## Provided records
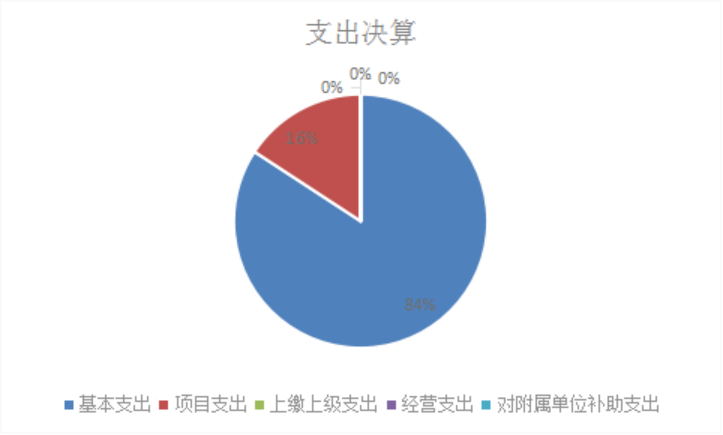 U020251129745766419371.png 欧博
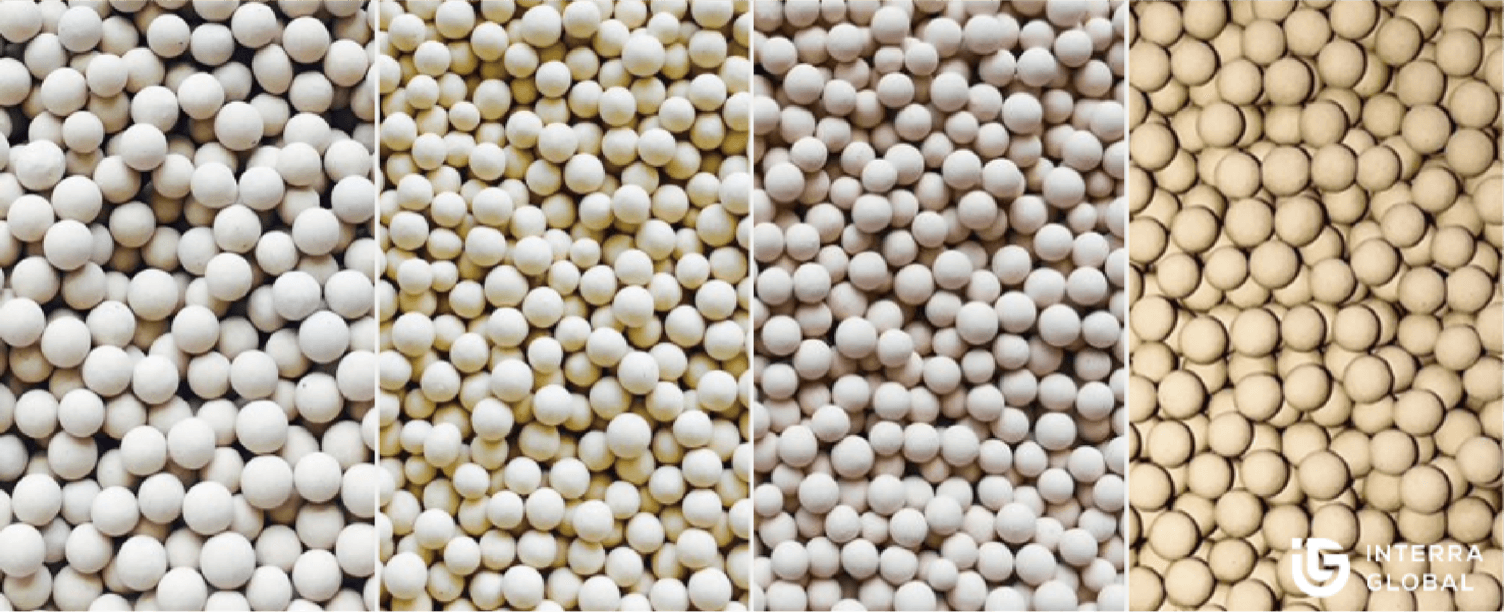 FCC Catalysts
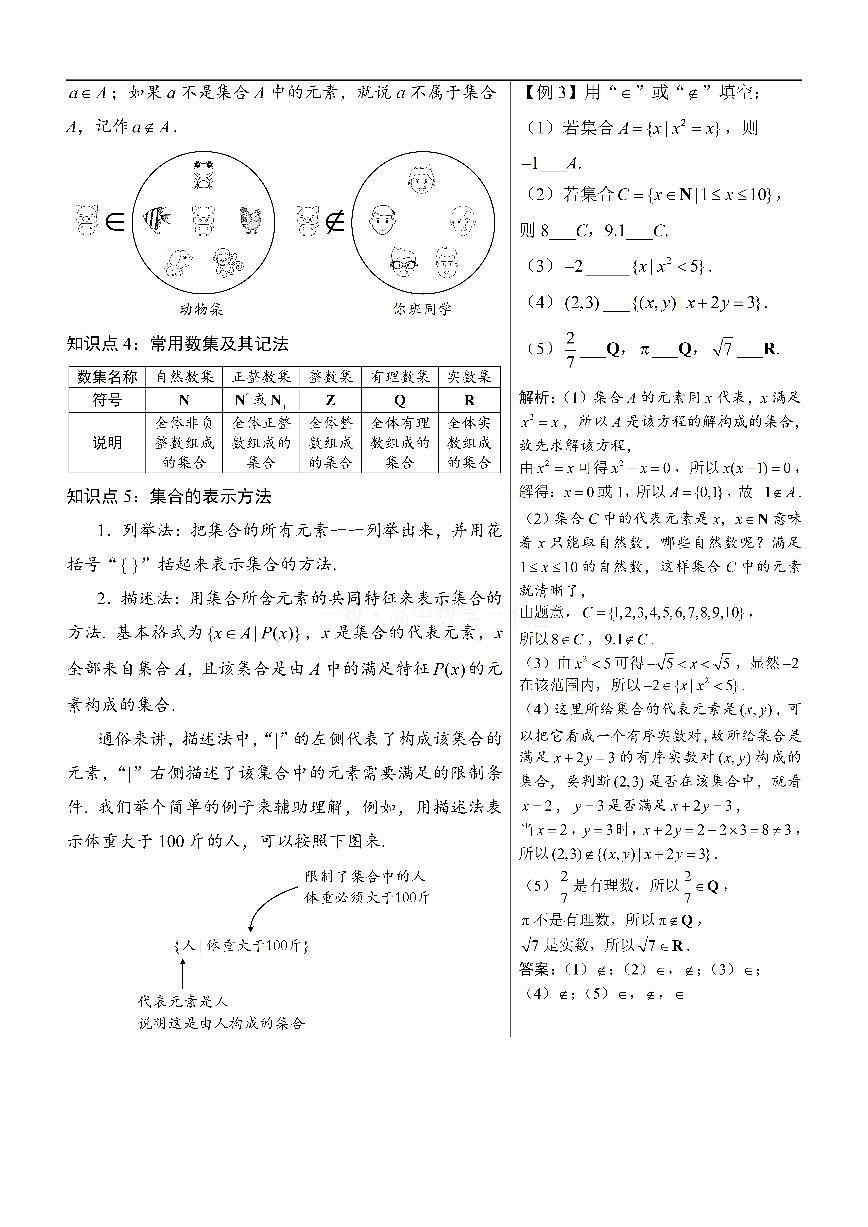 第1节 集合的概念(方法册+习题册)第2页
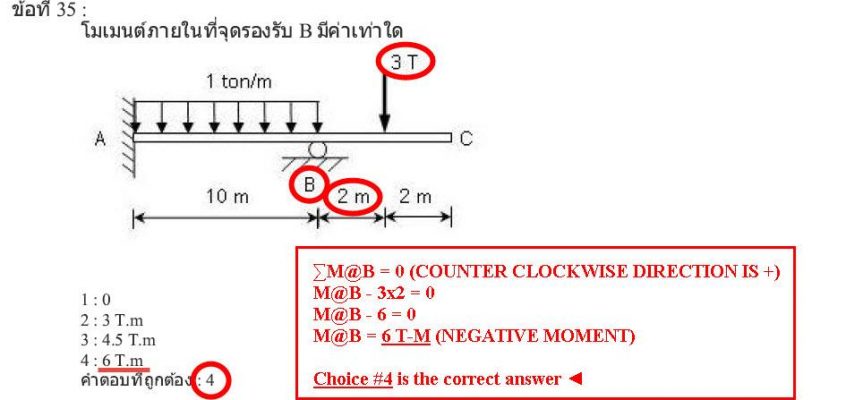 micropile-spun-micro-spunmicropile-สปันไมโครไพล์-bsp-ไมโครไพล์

==

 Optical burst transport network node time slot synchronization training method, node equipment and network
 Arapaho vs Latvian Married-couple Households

## Task item
Only one stretch of the entries above is needed: the lines from the one containing "FCC Catalysts" through the one containing "micropile-spun". Copy it exactly, without the pictures.

## Task output
 FCC Catalysts
 第1节 集合的概念(方法册+习题册)第2页
 micropile-spun-micro-spunmicropile-สปันไมโครไพล์-bsp-ไมโครไพล์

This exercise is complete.